Maybe some day, Jess will be in loving memory. She will scale mountains and color columbines, wear white in a field of bronze grain, laugh and run in the ethereal moments of the dead. She will be the talk of family reunions, scrapbooks, eulogies given by a Stanford alum who knew her from some party, and knew her better in death. Who latched on to the tragedy, spoke emotively of how it changed his life forever and so on, ad nauseam. But right now, Jess is just dead. End of story. And that--

Sam dusts stray salt from his knuckles (Dean is as accurate with this as he was with the kerosene) and thinks, no one understands. No one understands that.
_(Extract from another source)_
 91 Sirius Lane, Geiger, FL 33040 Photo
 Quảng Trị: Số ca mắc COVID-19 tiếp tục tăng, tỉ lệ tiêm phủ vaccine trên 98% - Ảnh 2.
Because he's in Lost Creek inhaling the ashes of some horrible, mangled body, instead of the scent of Jess's hair, apple-tart. _His_ life is changed forever. Hell with the rest of them; _his_ life has changed.

But not as much as hers has.

"Sam," Dean says.

And "I still like these," says Jess. She puts a columbine in her hair, even though it's mud-tracked and flat.
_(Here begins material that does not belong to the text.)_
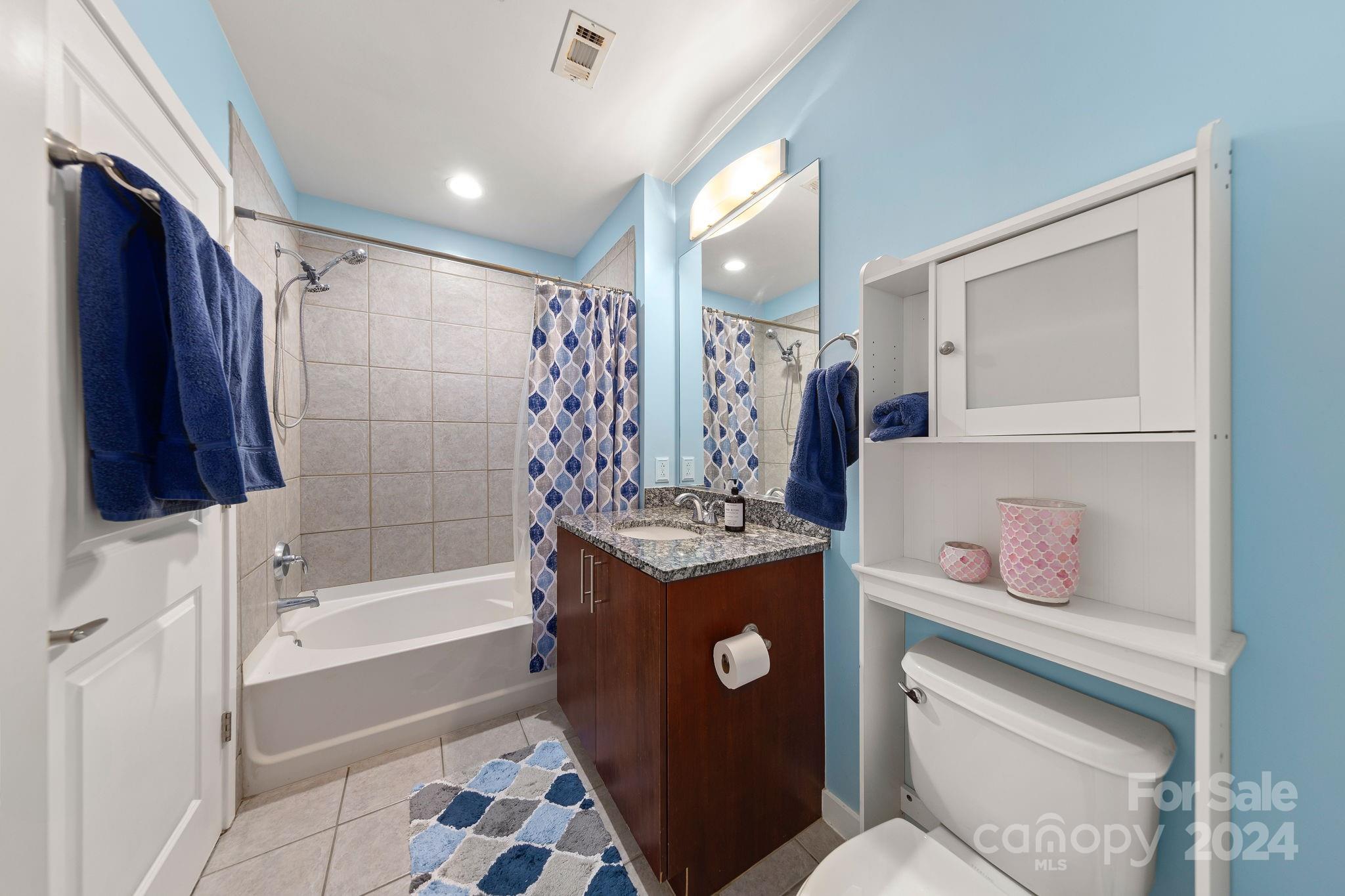 Avenue Condominiums - Residential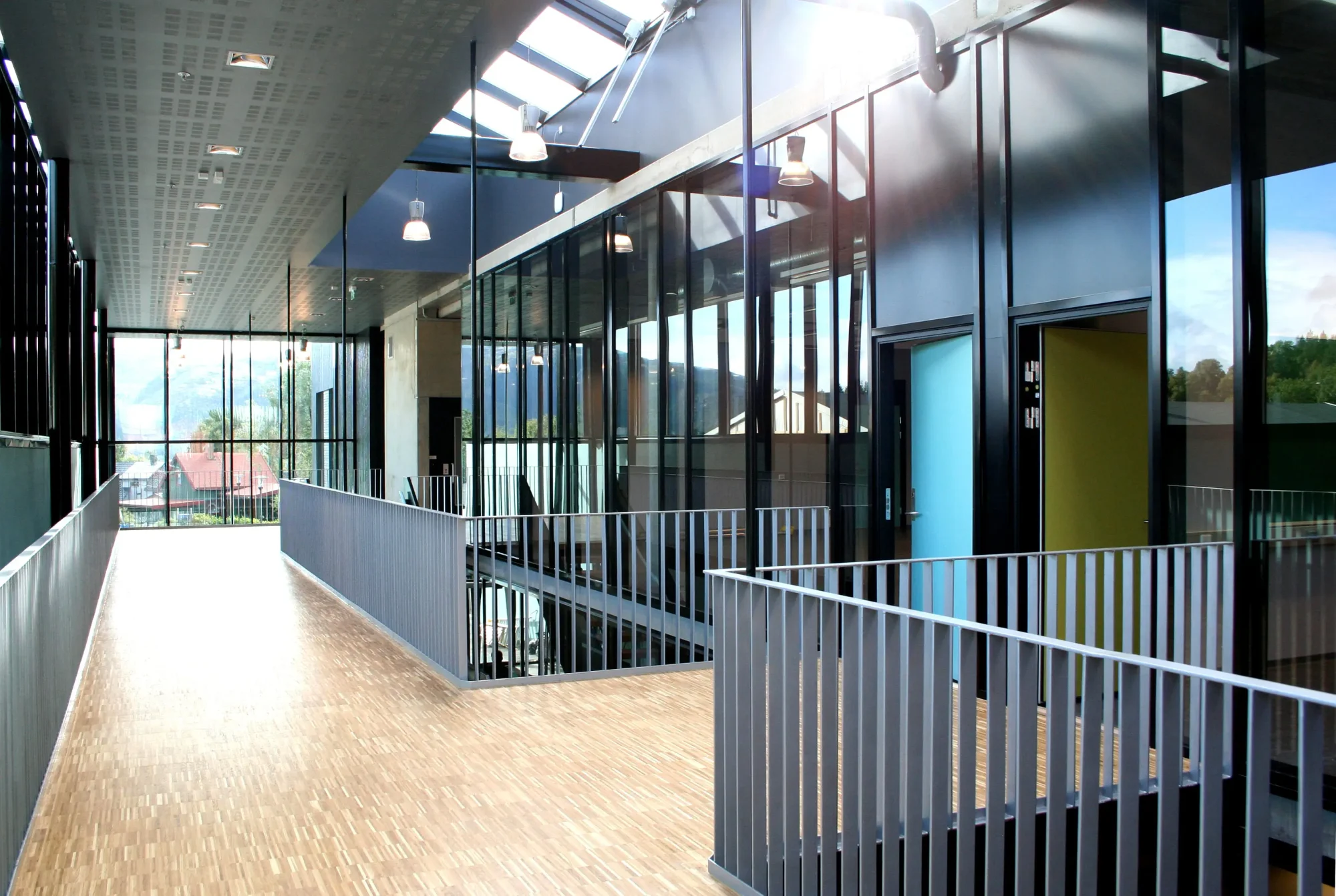 olav duun videregående skole (vgs), interiør. Bygget har hatt fokus på generalitet, fleksibilitet og bærekraftig materialbruk. Interiøret er preget av treverk, sorte overflater og spreke farger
Jessica Lee Moore is dead, and the feeling is as transcendent, as heartfelt, as spiritual, as watching Roy rot under flame.

"Sam," Dean says again, as the smoke swirls up with the breeze, chokes him with its heat and acrid burning. Sam coughs. He feels tears in his eyes, like the slick of kerosene over Roy's arm. Jess grabs his hand.

"Take one for the team and eat a little, huh?"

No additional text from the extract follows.